Fears that terrorists could use the smallpox virus for mass casualty attacks have led both the United States and Russia to retain stocks of the lethal smallpox virus for medical research.

The disease was declared eradicated in 1980, and the World Health Organisation had called for the destruction of the world's stocks of the smallpox virus by June, 1999.

But the pathogen is still held in secure facilities at the State Research Centre of Virology and Biotechnology, or VECTOR, in the Siberian city of Kotsovo, and at the Centres for Disease Control and Prevention in Atlanta.

President Bill Clinton reversed an earlier US government pledge to destroy the stocks after experts warned samples held at VECTOR might have leaked into the hands of terrorists or rogue states in the chaotic years after the Soviet Union collapsed.
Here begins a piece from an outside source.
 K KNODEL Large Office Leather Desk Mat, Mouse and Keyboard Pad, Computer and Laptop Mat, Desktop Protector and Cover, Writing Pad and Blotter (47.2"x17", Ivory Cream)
Their concerns centred around claims made by Ken Alibek, a former VECTOR official who defected to the United States in 1992.
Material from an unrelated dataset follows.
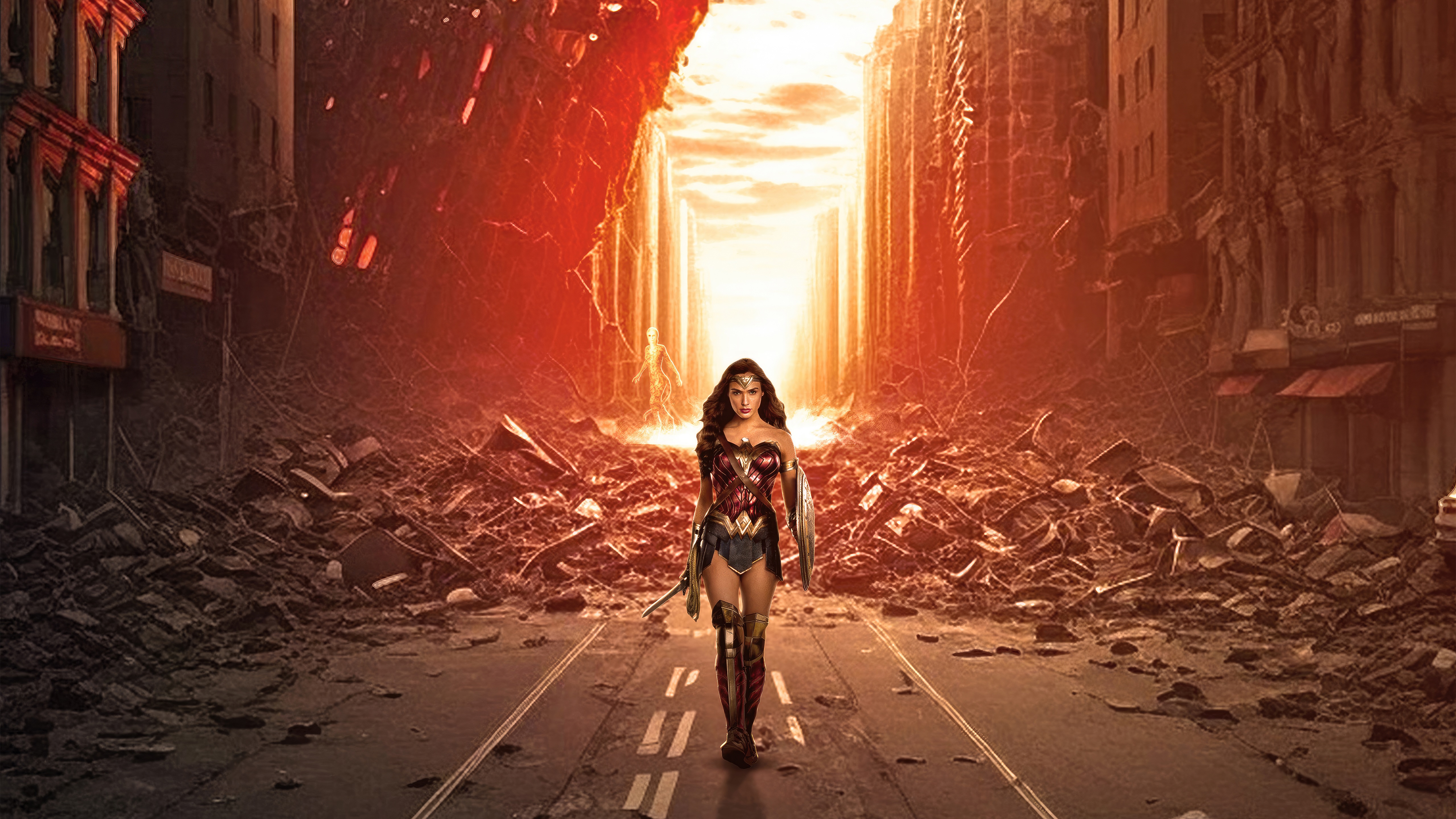 Wonder Woman in a destroyed city HD Wallpaper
Mr Alibek said that the Soviet Union had succeeded in splicing genes from other viruses to produce smallpox microbes that would be invulnerable to vaccines.

"Given the extensive research in which the Soviet Union was engaged, there were reasons to believe there may be other facilities in Russia where stocks are held," said Amy Smithson, a disarmament specialist.

Experts said that the US needed to retain its stocks of the smallpox virus to combat future outbreaks, either caused by accident or rogue actors.

Last year, the US Centres for Disease Control said that after 9/11, there was concern that the virus could be used "as an agent of bioterrorism." Last year, a group of 40 al-Qaeda terrorists were reported to have died of plague in Algeria, after a biological weapons experiment went wrong.

The US Institute of Medicine at the National Academy of Sciences also argues the virus could lead to "new and important discoveries with real potential for improving human health." New vaccines against smallpox continue to be produced. Project Bioshield, a US government pandemic preparedness programme, last year received twenty million doses of smallpox vaccine for immune-compromised populations.